Death in tuberous sclerosis is due to renal failure due to renal angiomyolipoma or renal cysts or cardiac failure due to intra-cavitatory or intra-mural rhabdomyomas that may obstruct blood flow or produce cardiac arrhythmias.

Imaging Features
Prior to the advent of CT and MRI, the investigations available were plain radiographs and pneumoencephalography. Plain films demonstrated periventricular  calcification while pneumoencephalography demonstrated the characteristic “candle wax” pattern of nodular ependymal masses. CT scan and MRI can detect all the features of tuberous sclerosis namely, cortical tubers, astrocytomas and ventricular dilatation. CT reveals cortical tubers as hypodense, non-enhancing regions at the cortico-medullary junction or more diffusely affecting the white matter. MRI is more sensitive than CT for cortical tubers which are seen as focal areas hyperintense to brain parenchyma on T1 and hyperintense on T2; this area of abnormal intensity is due to dense gliosis and diminished myelin sheaths found in these cortical tubers. Roach and co-workers have found a correlation between the number of tubers seen on MRI and clinical severity.
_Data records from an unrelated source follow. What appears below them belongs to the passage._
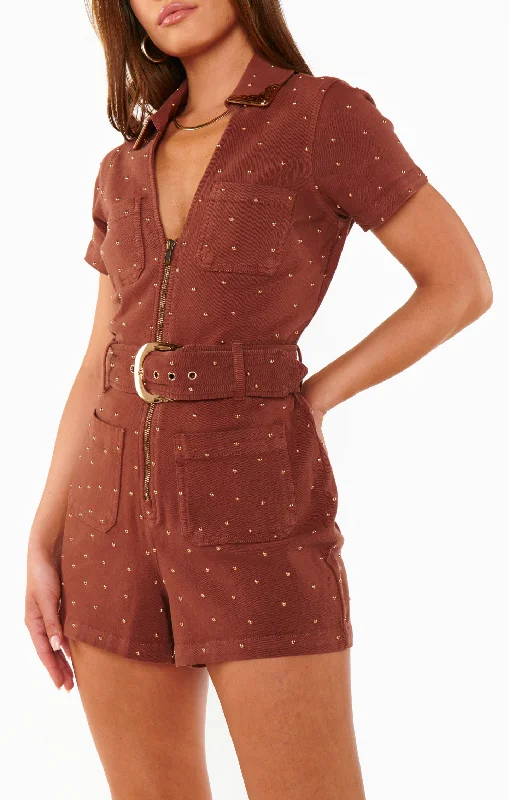  Women's Workout GarmentsTempe Romper ~ Studded Brown Denim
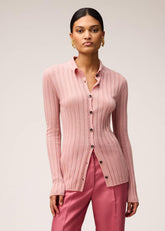 Cardigan in maglia di Cashmere leggero a coste con dettaglio uncinetto rosa 03WKNTO156WS05PNR168 RETORI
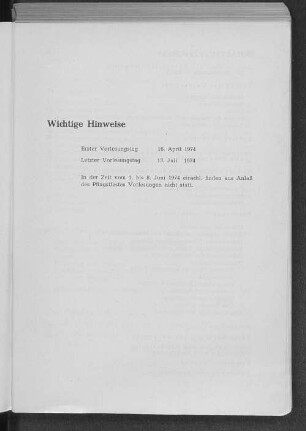Wichtige Hinweise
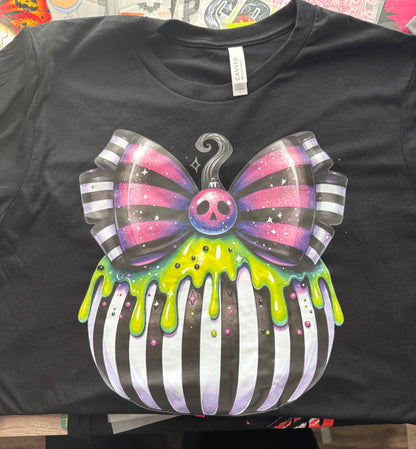 Neon Spooky Pumpkin Bow Tee – Large | Ready to Ship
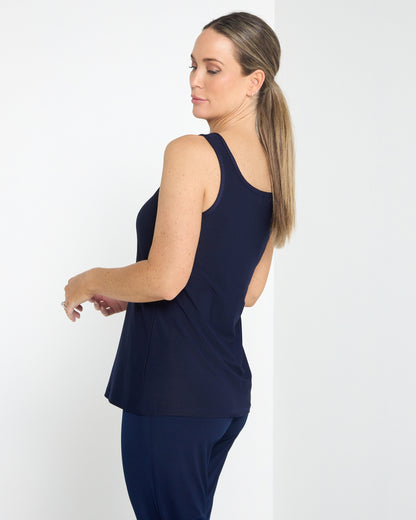 Ruche Neck Cami - Navy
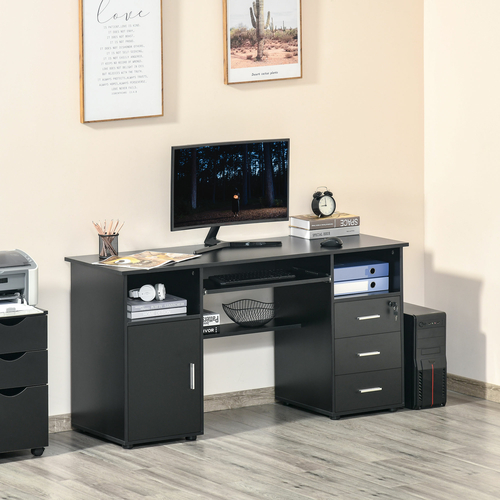 HOMCOM Computer Desk with 2 Shelves Keyboard Tray Cabinet Drawers,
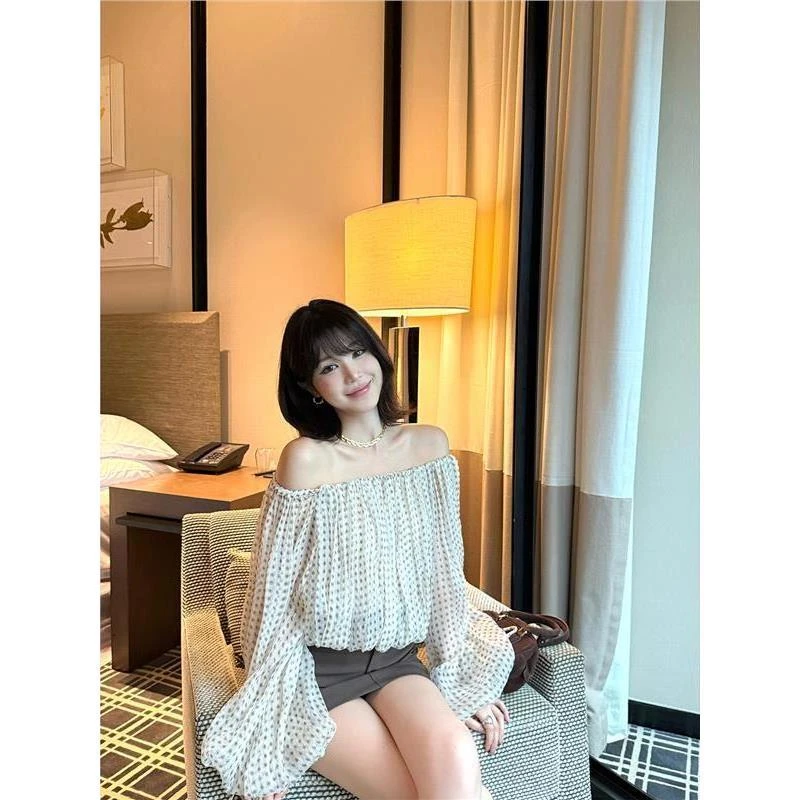 一字肩长袖宽松衬衫女夏季短款露肩设计百搭衬衣纯欲风雪纺衫上衣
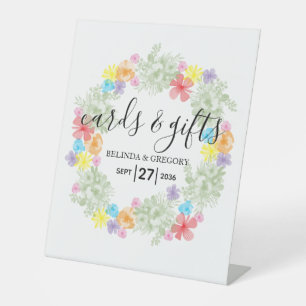 Rustic Floral Wreath Wedding Cards & Gifts Pedestal Sign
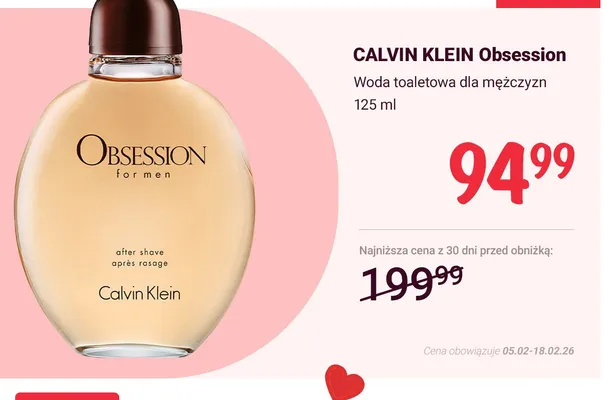 Woda toaletowa dla mężczyzn Obsession  promocja w Rossmann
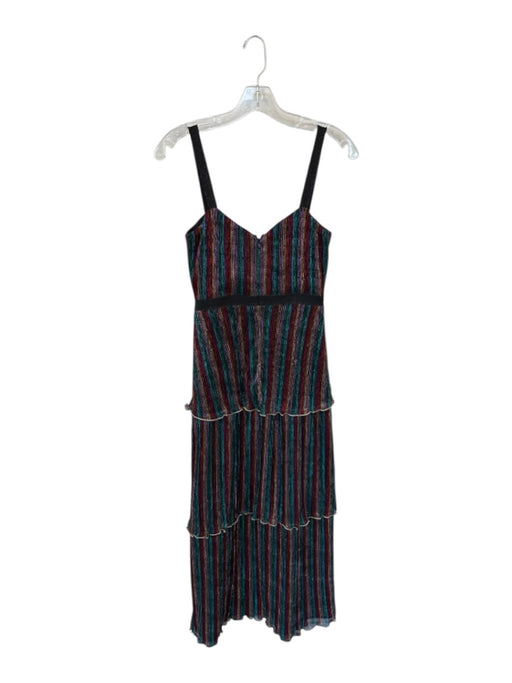 Saylor Size XS Black & Multi Polyester Blend Sleeveless Ribbed Metallic Dress Black & Multi / XS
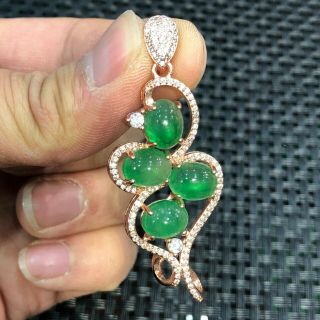 Rare Collectible Chinese Jadeite Jade Handwork 4 Green Beads Bird Shaped Pendant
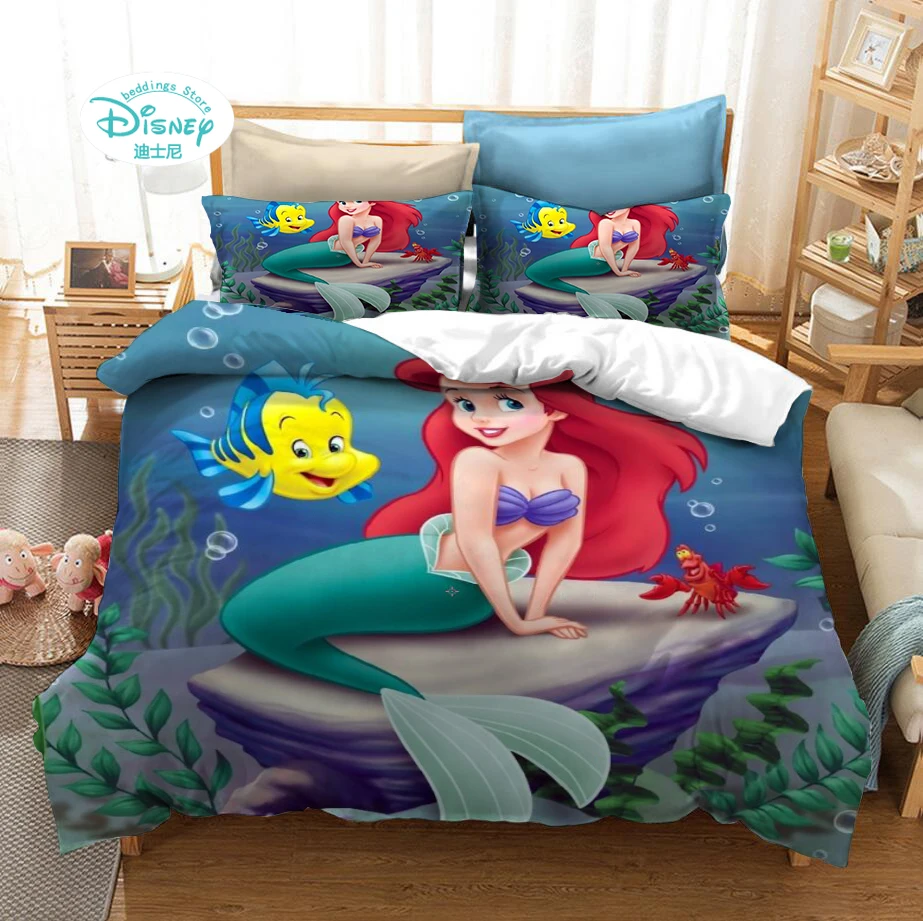 

Disney Cartoon Little Mermaid Ariel Printed Bedding Sets for Childrens Girls Bedroom Decor Duvet Cover Set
Sub-ependymal nodules occur on the surface of the caudate nucleus, more often on the lamina of the sulcus thalamo-striatus just posterior to the foramen of Monro. Their transformation to giant cell astrocytomas is seen in 1.7-10% cases. This can be picked up on MRI as hyperintense areas to brain on T2. Enhancement of these nodules on CECT is also seen as a sign of transformation.